4. The plant canopy airflow field biological simulation test system according to claim 1, wherein the wind speed sensor is a bending resistance type sensor, the bionic blade data acquisition unit further comprises a sensor circuit for outputting detection data of the wind speed sensor, the sensor circuit comprises a bending resistance type sensor R1, a fixed value resistor R2 and an input voltage VIN which are connected in series to form a voltage dividing circuit, and an operational amplifier I is arranged at a voltage output end of the fixed value resistor, so that an output voltage of the fixed value resistor R2 is obtained as follows:

and, the output voltage of the fixed value resistor R2 is used as the wind speed parameter.

5. The plant canopy airflow field biological simulation test system of claim 4, wherein the operational amplifier I eliminates the effect of open loop gain by negative feedback of voltage at the output.

6. The plant canopy airflow field biological simulation test system of claim 1, wherein the airflow field simulation unit comprises a data processing module, and a display module and a second wireless transmission module connected with the data processing module;

the second wireless transmission module is in wireless communication connection with the first wireless transmission module, receives the wind speed parameter and the node parameter sent by the first wireless transmission module, sends the wind speed parameter and the node parameter into the data processing module for processing so as to simulate the internal air flow field of the plant canopy, and finally displays the internal air flow field of the plant canopy obtained through simulation through the display module.

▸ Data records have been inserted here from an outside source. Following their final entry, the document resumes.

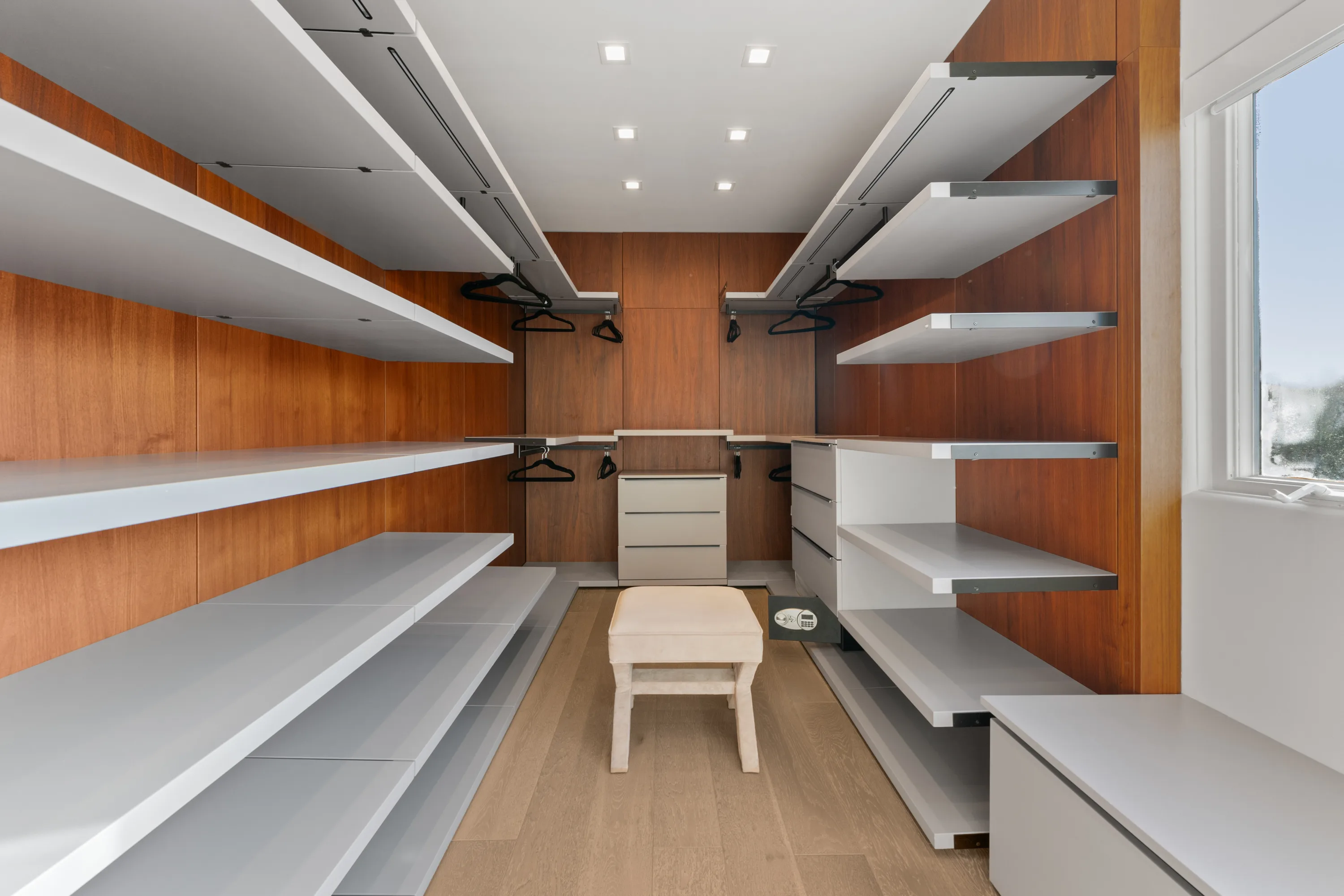 Spacious walk-in closet at Rodeo Villa, a luxury Beverly Hills vacation rental featuring custom storage, modern finishes, and an elegant dressing area.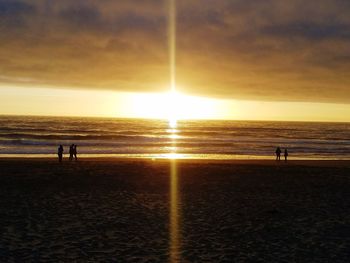 Silhouette people on beach against sky during sunset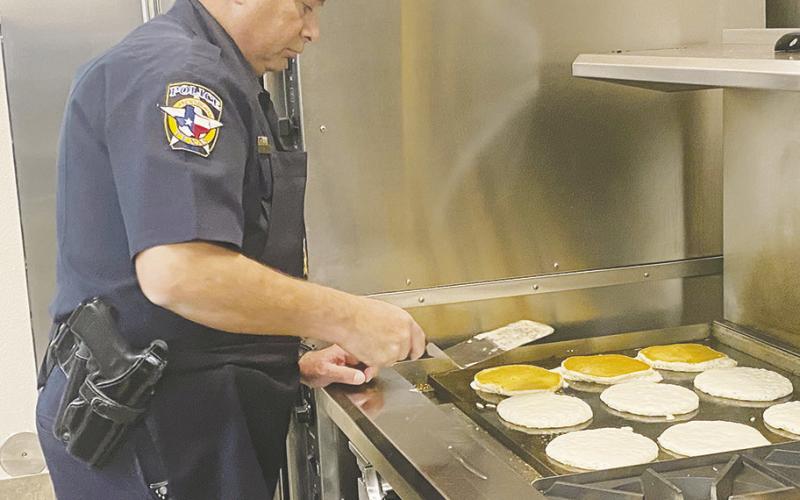 Jacksboro Police Department Lt. Brian Corb cooks up some pancakes during Breakfast with Santa at the parish Saturday, Dec. 10. Sausage, orange, juice, coffee and water were also on the menu. Photo/Brian Smith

7. The plant canopy airflow field biological simulation test system of claim 6, wherein the airflow field simulation unit further comprises a second memory module coupled to the data processing module, the data processing module further transmitting data simulating an internal airflow field forming a plant canopy to the second memory module for backup.

8. A simulation test method of a plant canopy airflow field biological simulation test system according to any one of claims 1-7, comprising the steps of:

simulating a plant canopy by adopting a bionic blade, and collecting wind speed parameters of each node in the simulated plant canopy;

and simulating an internal airflow field of the plant canopy according to the wind speed parameter and the corresponding node parameter, and forming a simulated airflow field distribution cloud picture of the internal area of the plant canopy.

9. The simulation test method according to claim 8, wherein a three-dimensional space coordinate origin in the simulated plant canopy is selected, the relative distance between the wind speed sensor at each node and the coordinate origin is measured and converted into a space position coordinate, and a space position matrix of the wind speed sensor is formed according to the space position coordinate of the node, so that the space position of the wind speed sensor connected with each channel is matched.